I will be getting a rather large inheritance in the near future. I’ve been told when it is all said and done it will be about $250,000. I have a couple of questions regarding my inheritance. The first is if I get divorced, does my husband automatically get half of it? I’m on my second marriage and we have been married about three years. Things are not going great between us and there’s a strong possibility that our marriage will end in the not-so-distant future. My second question is, if I am still married and my husband files for bankruptcy just for himself, do I have any liability for his debts?
The key with the inheritance is how you handle the money. If you add the inheritance to a joint bank account and use the money to cover joint family expenses such as paying down the mortgage, (if the house is jointly owned) then over time the money does become more joint money, and in a divorce, there’s a strong possibility that your husband would be able to share in those amounts. On the other hand, if you keep the money separate and distinct from your other assets and do not use it for joint family expenses, then in a divorce situation that money will, in the great majority of cases, not be part of any divorce settlement. Thus, you would be able to keep it without having to share it with your husband. The key is not to comingle your inheritance with other monies or investments that you have. The money from your inheritance should be kept separately in your name and only in your name.
With regard to the second question, your husband’s liabilities are not your liabilities. Therefore, if your husband did file for bankruptcy and all the debt that he’s seeking relief on is in his name and only his name, then you are not responsible. Where people run into trouble is when the underlying is in both parties’ names.
If the debt is in both parties’ names then you could be held liable for the entire debt. For example, if your husband had a charge card that you were both owners of and your husband was the only one who ever used that charge card. If he had an outstanding balance of $25,000 and that was discharged in bankruptcy, the credit card company could not seek payment from your husband they would be precluded because of the bankruptcy. However, the charge card company could seek the full $25,000 from you. It may not seem fair that he would be free of the debt and you would have to pay it; however, that is the way it works. Therefore, the key in determining if you can be held responsible for your husband’s debts in bankruptcy is if you were a co-signer. If you were, then you are responsible. On the other hand, if you were not a co-signer, his bankruptcy will not affect you.

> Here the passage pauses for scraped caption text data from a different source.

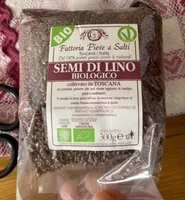 Semi di lino biologico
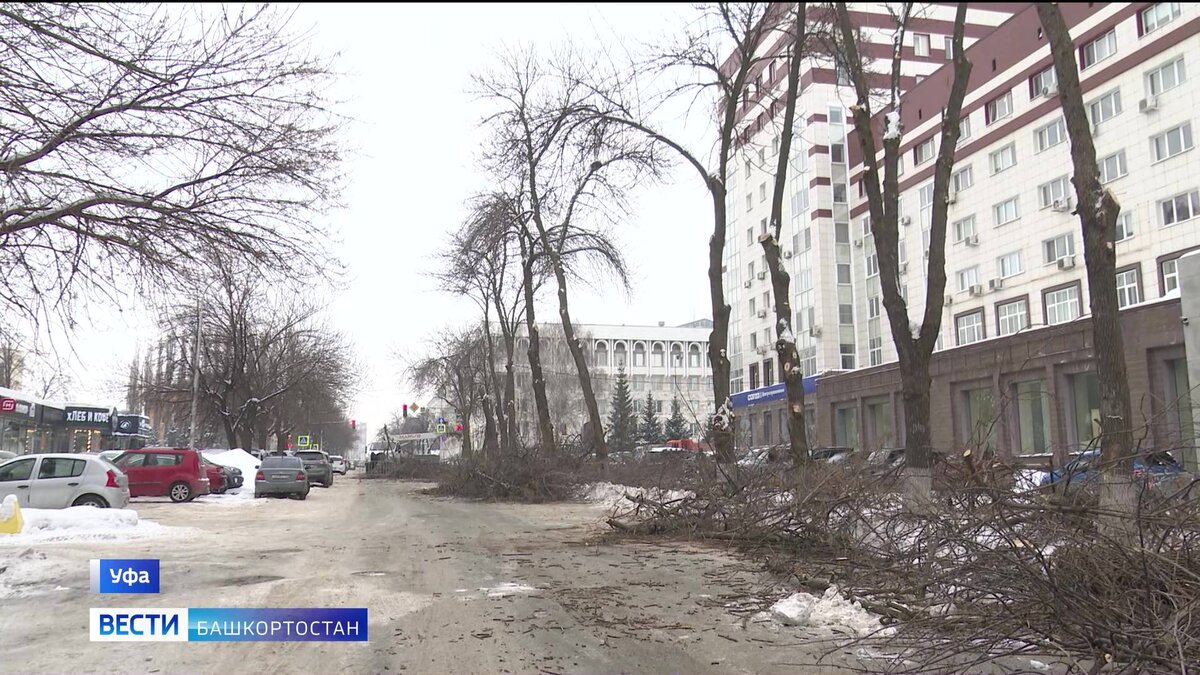    В Уфе до 17 часов перекрыли участок улицы Чернышевского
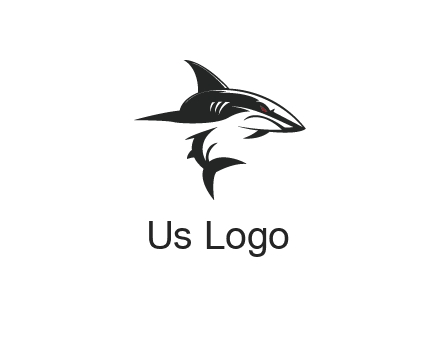 abstract angry shark 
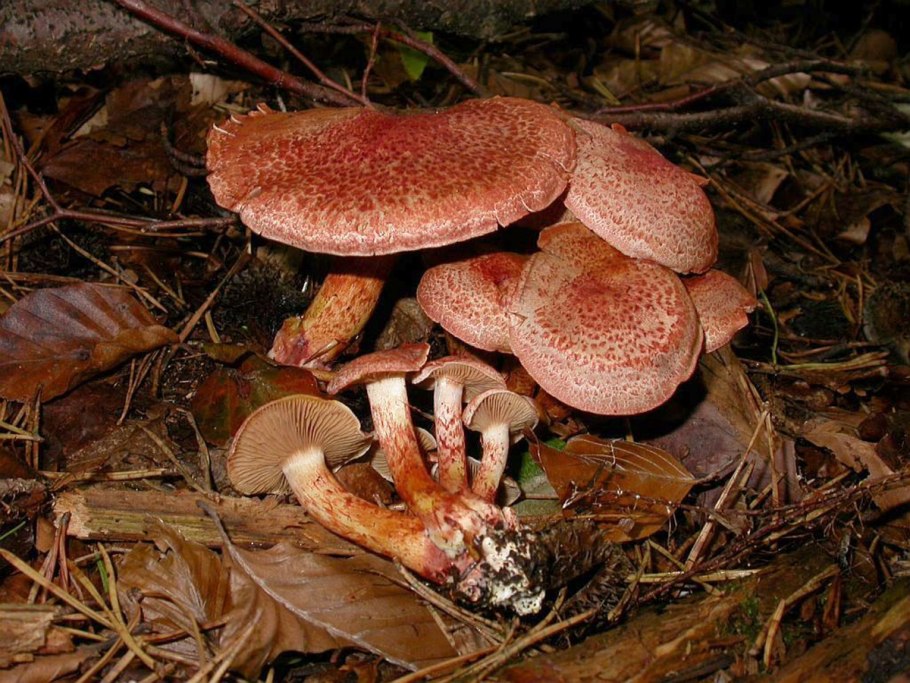 Паутинник двупокровный Cortinarius bivelus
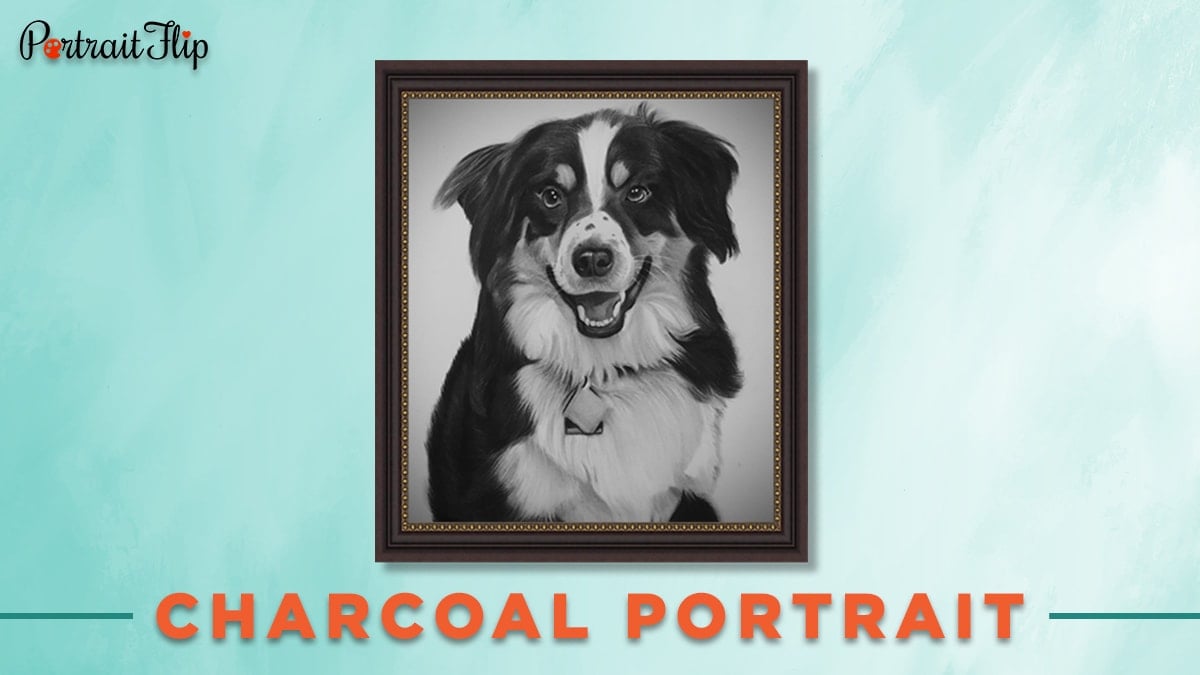 Charcoal portrait of a dog 30 under 30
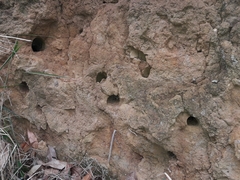 Psalidoprocne pristoptera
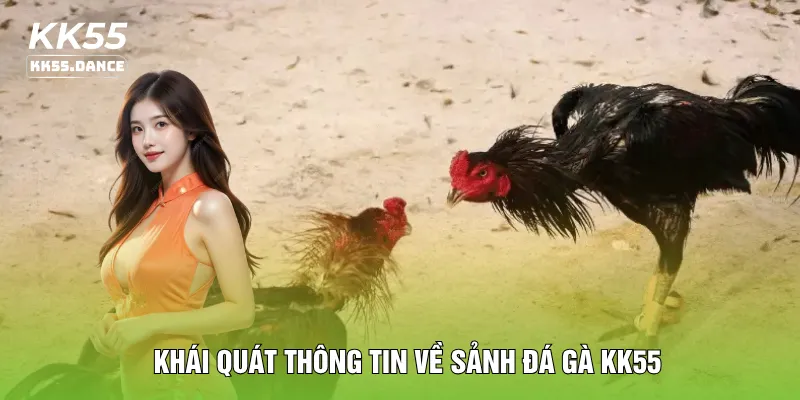 Khái quát thông tin về sảnh đá gà KK55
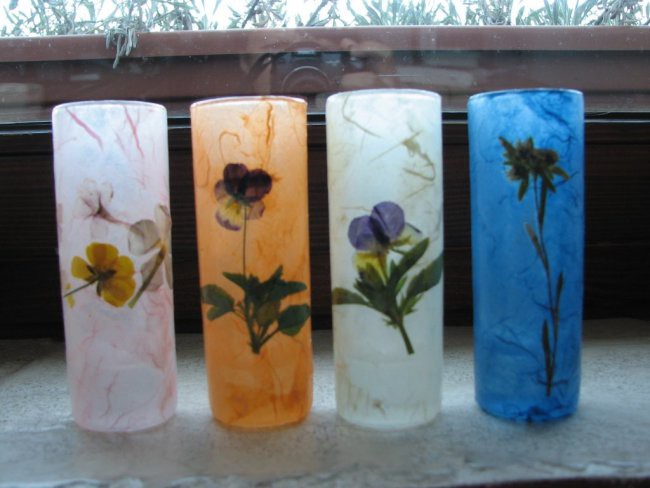 suho cvetje na steklu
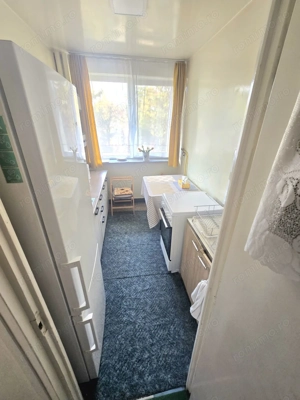 Apartament 2 camere de vânzare în Grigorescu-Vlahuta, et.3 - imagine 3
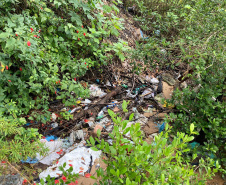 Toneladas de resíduos são retirados de manguezais no Litoral do Paraná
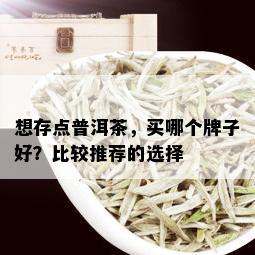 想存点普洱茶，买哪个牌子好？比较推荐的选择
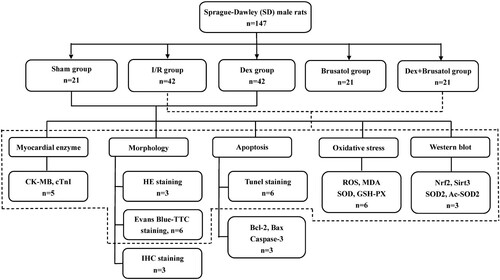 Figure 1. Flow chart of the study. The solid lines represent the experimental sections in Figure 2–4. The dashed lines represent the experimental sections in Figures 5 and 6. The number of rats shown in the flow chart is the final number included in each group. The specific allocation scheme is detailed in methods of the manuscript.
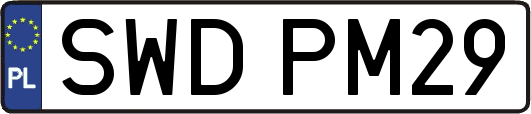SWDPM29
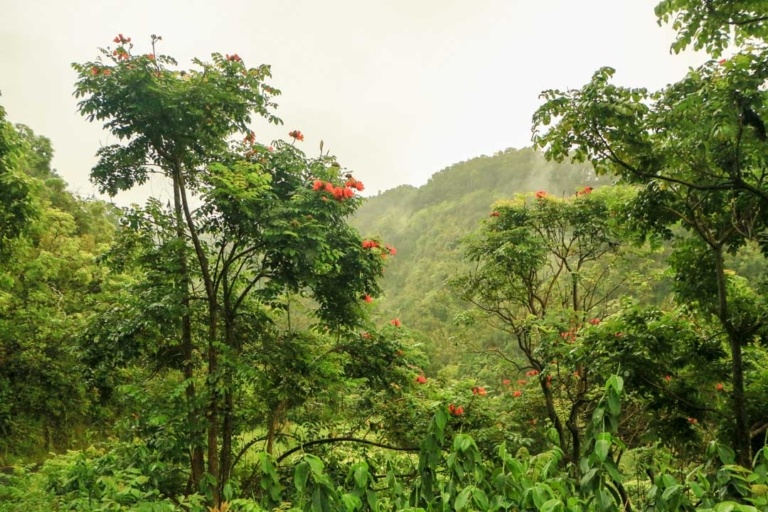 Maui Weather Jungle canpoy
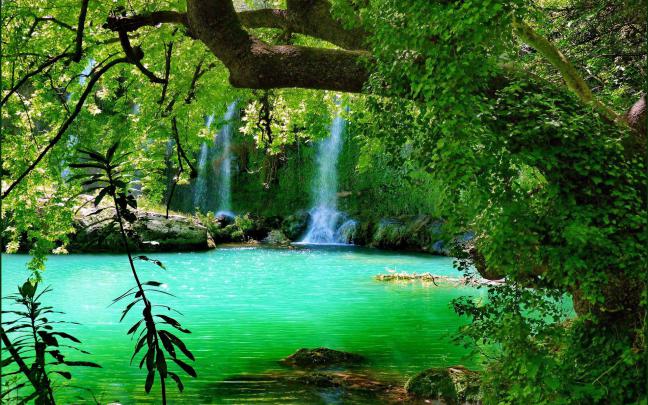 Forest Waterfall Wallpapers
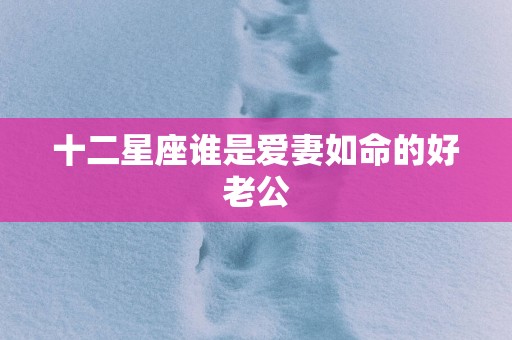 十二星座谁是爱妻如命的好老公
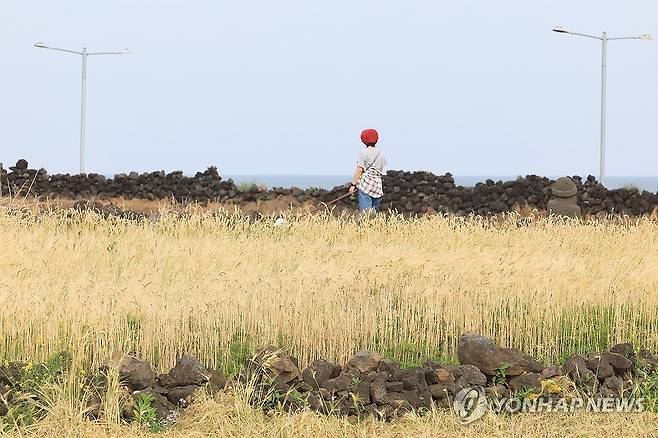 보리밭 [연합뉴스 자료사진]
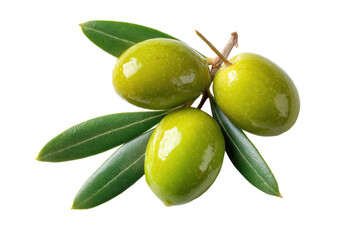 Close-up of three olives on a branch with leaves.  Bright green olives, glossy, and  fresh-looking.  Isolated against black background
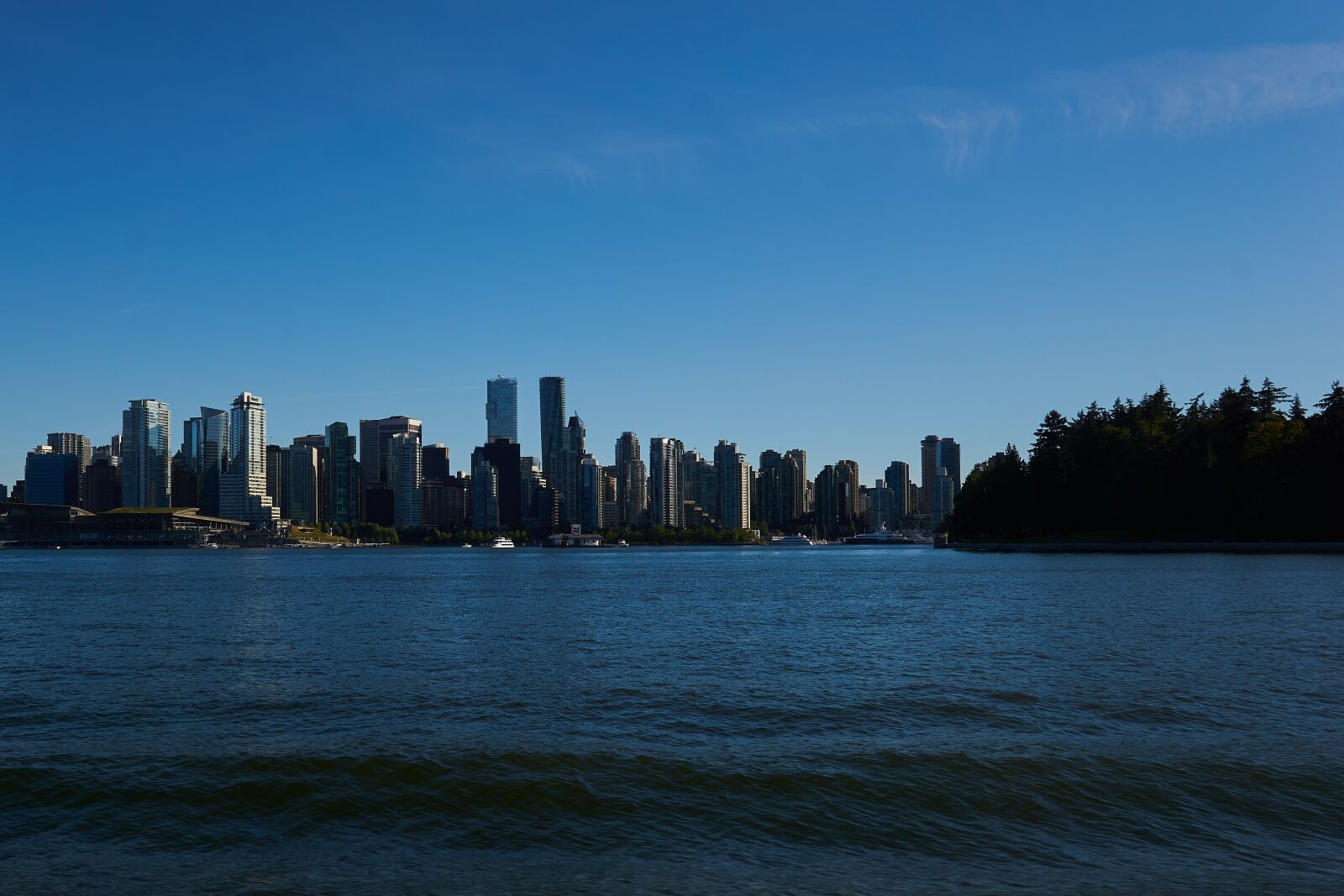 Sony a6000 + Sigma 19mm F2.8 EX DN sample photo. Vancouver, city, canada photography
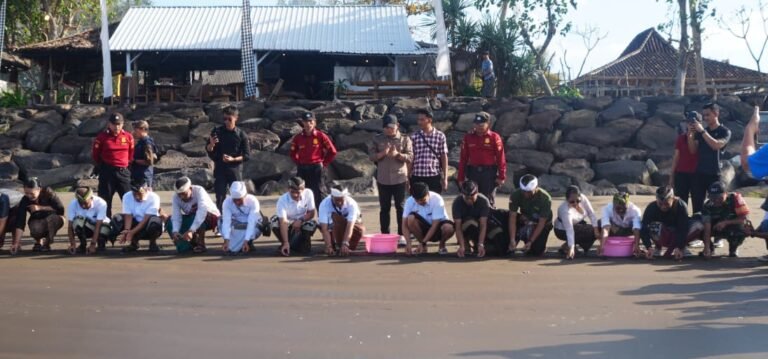 Peringatan Hari Tumpek Uye atau Tumpek Kandang di Kabupaten Jembrana diisi dengan kegiatan pelestarian penyu. Sebanyak 200 ekor tukik dilepasliarkan di kawasan Konservasi Penyu Kurma Asih, Desa Perancak, Kecamatan Jembrana, Sabtu 5 September 2026.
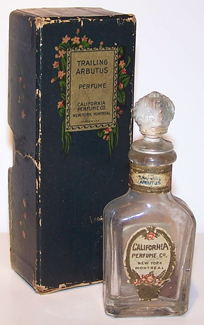 Trailing Arbutus Perfume - 1923
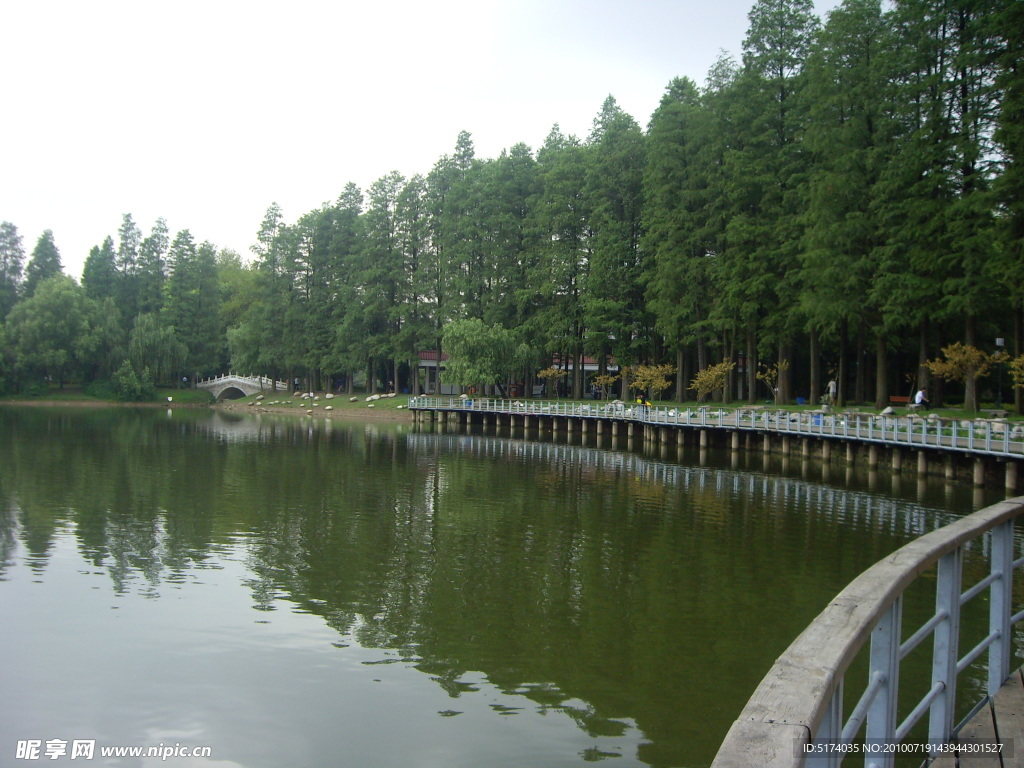 湖水 树木 风景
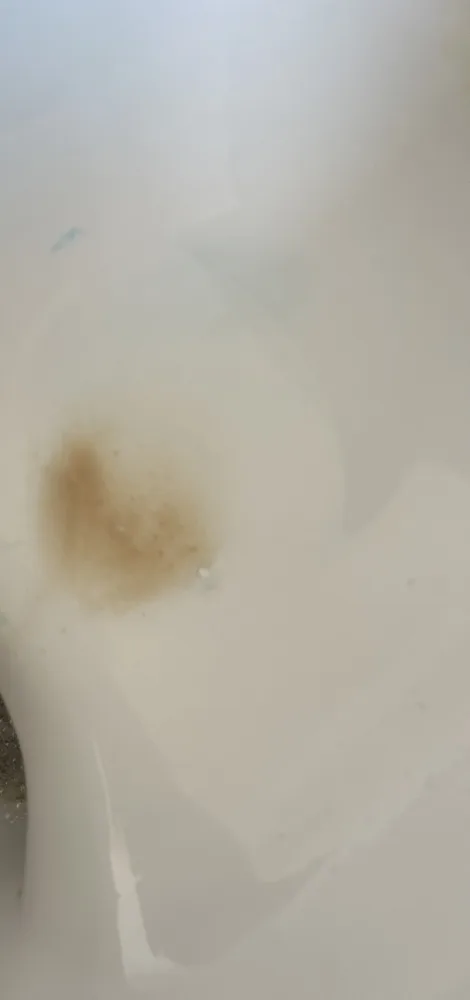 6f58sjdhtqet.webp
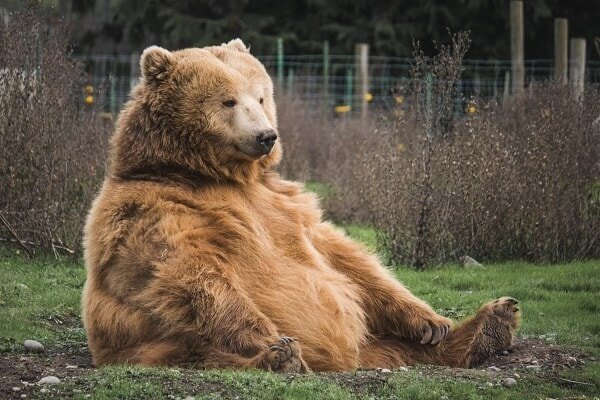Brown bear sitting on the ground like a human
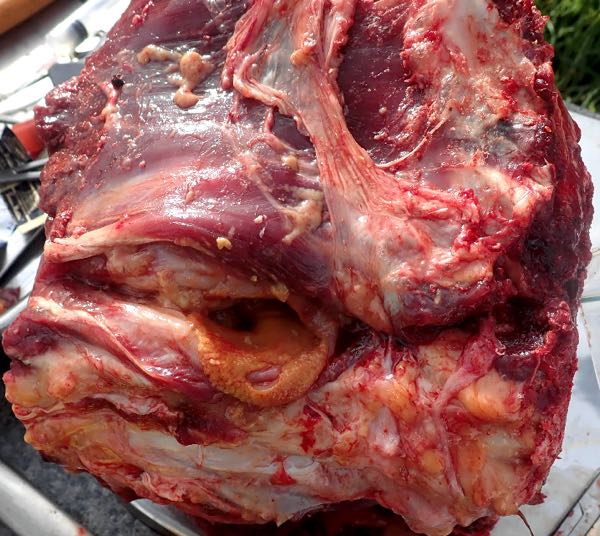 Image of bovine post-mortem vertebral abscess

One last note, if you want to keep your inheritance separate and distinct from other family properties, one thing you should consider doing is make sure you use separate money to pay any taxes that that money would generate. Typically on the inheritance itself, you won’t pay any taxes unless the money comes from a qualified account, such as an IRA or on an annuity. However, on a year-by-year basis the money may produce some taxable income and it would be smart to pay that tax with the separate funds. By doing so you are building a case that this money is separate and distinct from family assets and that can be invaluable to you in cases of divorce.